January 17, 2005

Who do they think they are kidding?

You know those figures about the number of householders prosecuted for hurting burglars? Yes, the ones you heard on the TV on the weekend. Well it turns out that they don’t actually mean very much:

"There are no statistical details of these cases - they aren't kept. It is not a particularly accurate list and we never said it was. It is quite possible that there are other cases."
The Telegraph found another 7 cases in an hour. Still not very high but that is not the point. The point is that it was known that the statistics provided were not a true and factual representation of the picture and yet the lie was used on TV, on the radio, in the papers and in the halls and chambers of Westminster by the few to justify their position on the law affecting the many.

Why would they do such a thing?

Couple the rubbishing of these statistics with the fact that the prosecution of householders is not the only measure to consider and we see that the government’s position is not as credible as they would like us to believe.
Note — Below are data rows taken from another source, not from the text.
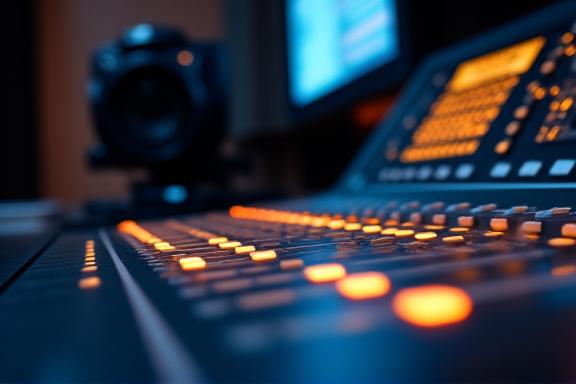 Close-up van professionele media apparatuur in de studio van Canopy Lens Studios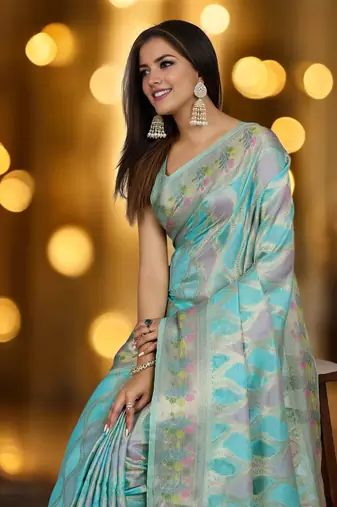 sky blue organza zari woven saree with unstitched blouse piece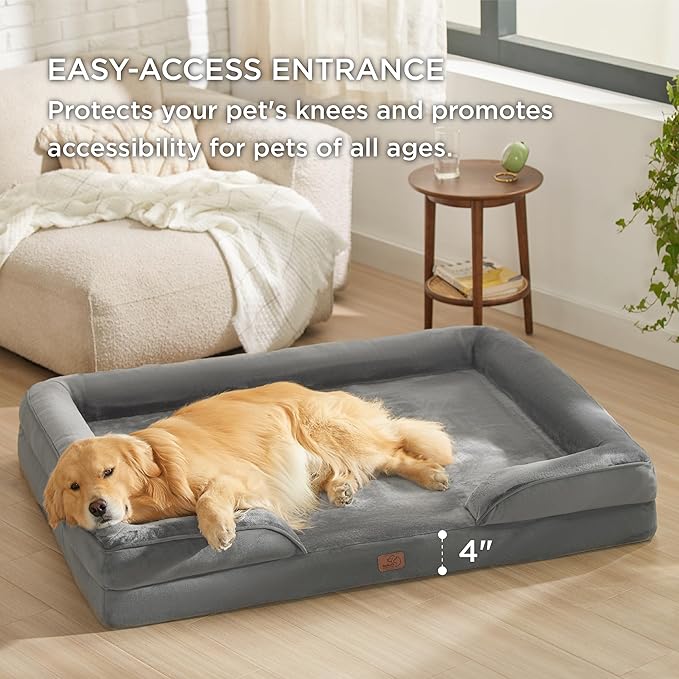 Bedsure XL Plus Orthopedic Dog Bed for Extra Large Dogs - Washable XLarge Dog Cat Bed Waterproof, Comfort Dogs Couch Sofa with Washable Removable Cover, Pet Bed with Nonskid Bottom, Grey, 48" - PhishStones Products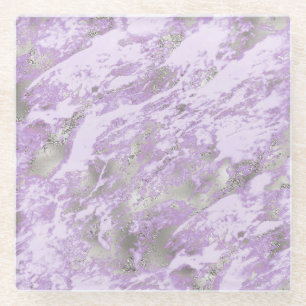 Elegant Purple Grey Abstract Chic Pattern Glass Coaster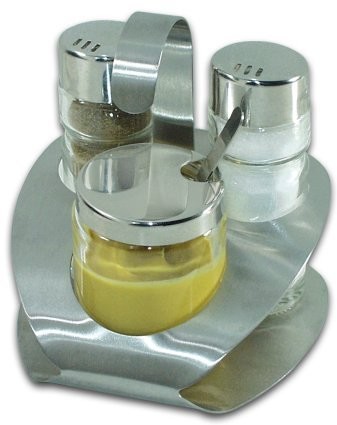 Fackelmann Topaz uchwytu Menage musztarda/do soli/pieprzu 46652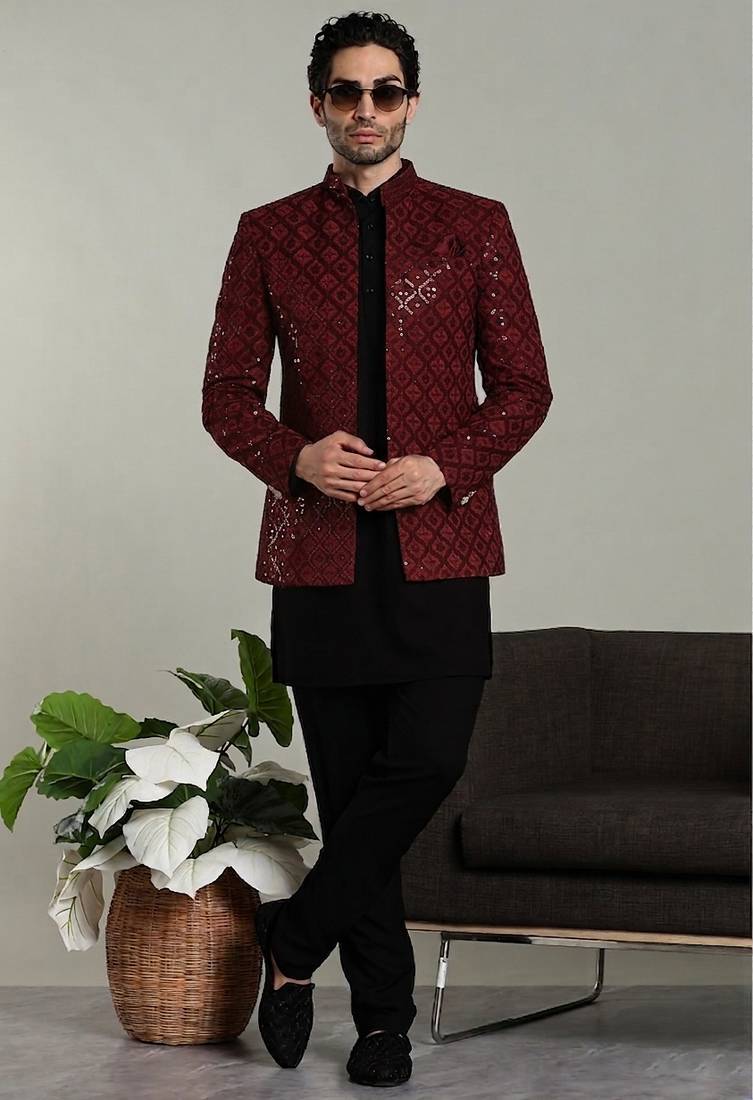 men's stylish indo-western rayon coat kurta setmen's stylish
On the question of trust and the social contract we have with the state to protect us this is a backward step. On the subject of self defence in the home some, if not many, members of the public feel disadvantaged. The government’s answer to this is to trot out things that can kindly be described as half-truths and to state that householders are confused.

This weekend we were subjected to a TV programme showing dramatisations of legitimate householder defence. In one dramatisation a burglar is stabbed to death while rifling a draw in a kitchen. The householder, hearing the noise, grabs a knife which he has been keeping under his bed, creeps downstairs and stabs the burglar in the back without warning. The experts told us how this was perfectly legal.

Another showed a burglar running from a house with an armful of booty. The householder shouts at the guy and then chases him out onto the street, smacking him on the back of the head using a golf club (was it a one iron? I think it might well have been). He collapses. The experts tell us again that this was a legitimate use of force to protect property.

Yet we know from what we have seen and heard with our own eyes that such actions have been the beginning of long, hard and often ruinous periods of threatened and actual litigation by the state upon householders that have done very similar or exact same things.

They try to address our confusion with facts and scenarios that are so obviously not true that we have to question their motivation. What do they like so much about the current situation? Why do their fear actually empowering the householder? Why do they come out of this looking more confused than the rest of us?